_What is expected_: Your reply should contain the whole listing below, repeated exactly, and no images.

_Dataset section_:
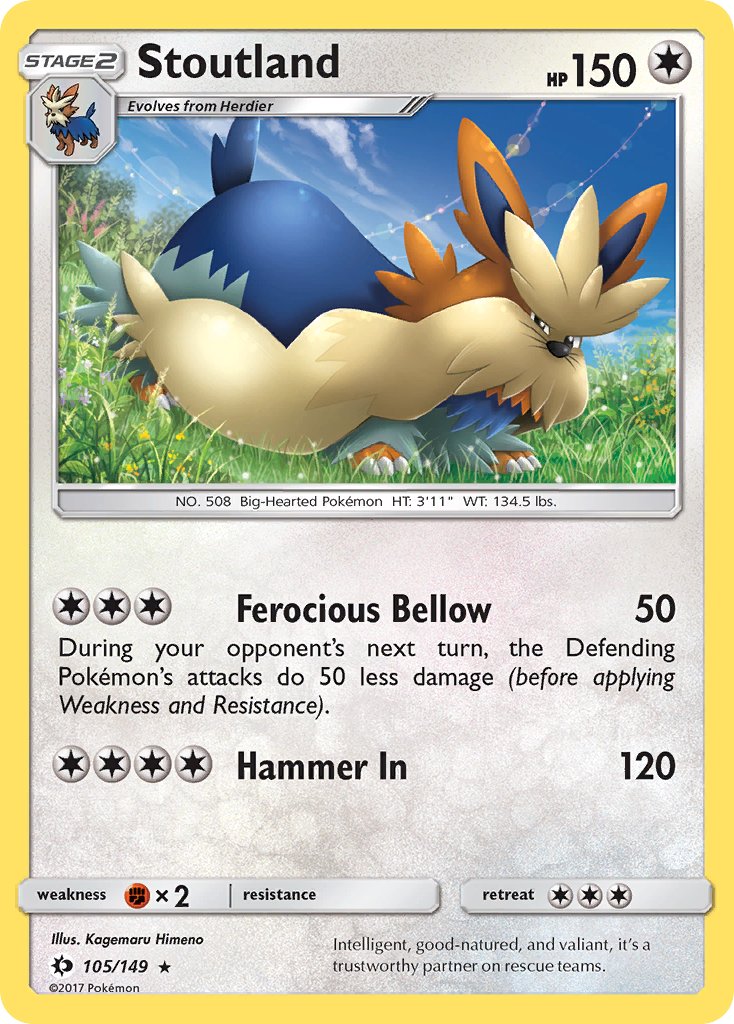 Stoutland - 105/149 - Sun & Moon - Card Cavern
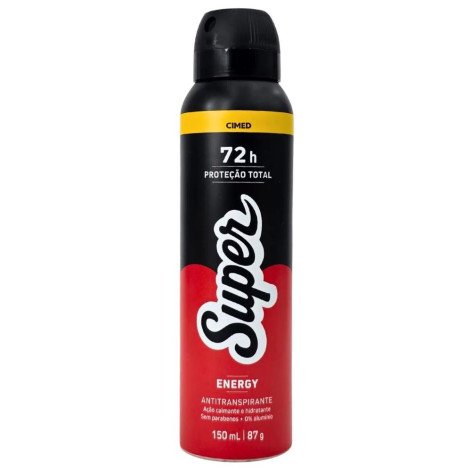 Desodorante Antitranspirante Aerossol 0% Alumínio Energy 72h Super Cimed 150ml/87g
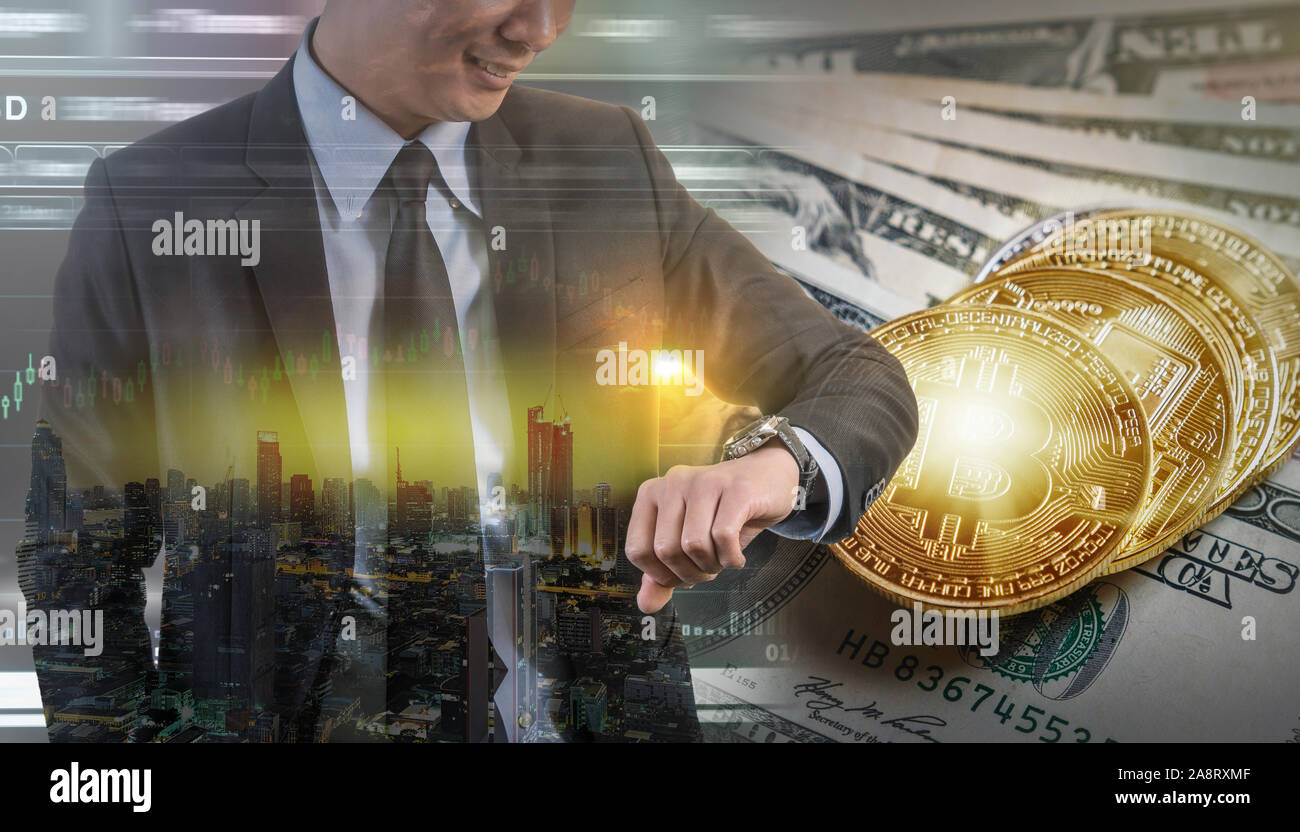 Double exposure of businessman using the tablet with Bitcoin exchange of  trading screen on Closeup Bitcoins mockup on the money paper bank of  various Stock Photo - Alamy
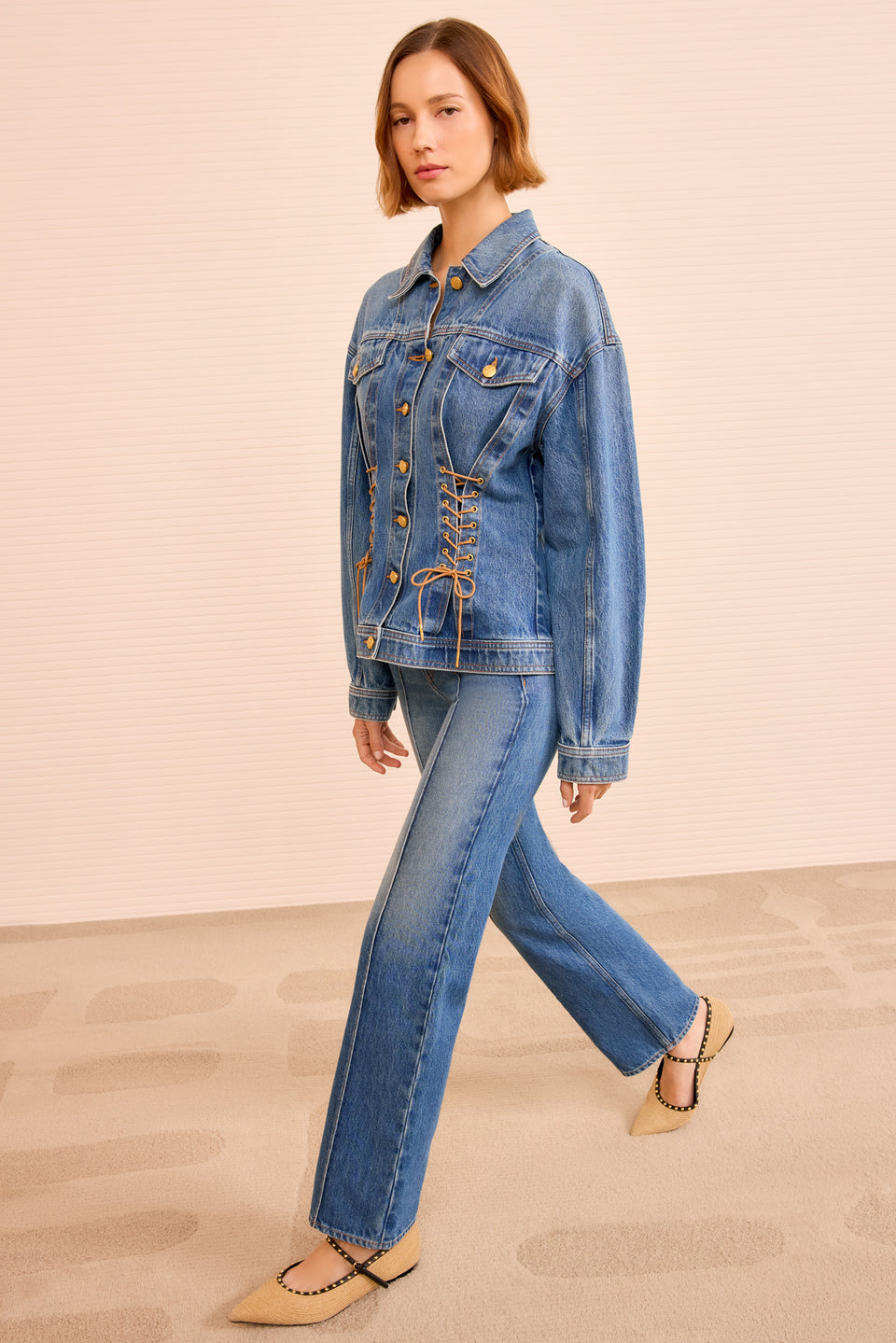 The Naomi Jacket with Lace Up Detail - Danube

_Solution_:
 Stoutland - 105/149 - Sun & Moon - Card Cavern
 Desodorante Antitranspirante Aerossol 0% Alumínio Energy 72h Super Cimed 150ml/87g
 Double exposure of businessman using the tablet with Bitcoin exchange of  trading screen on Closeup Bitcoins mockup on the money paper bank of  various Stock Photo - Alamy
 The Naomi Jacket with Lace Up Detail - Danube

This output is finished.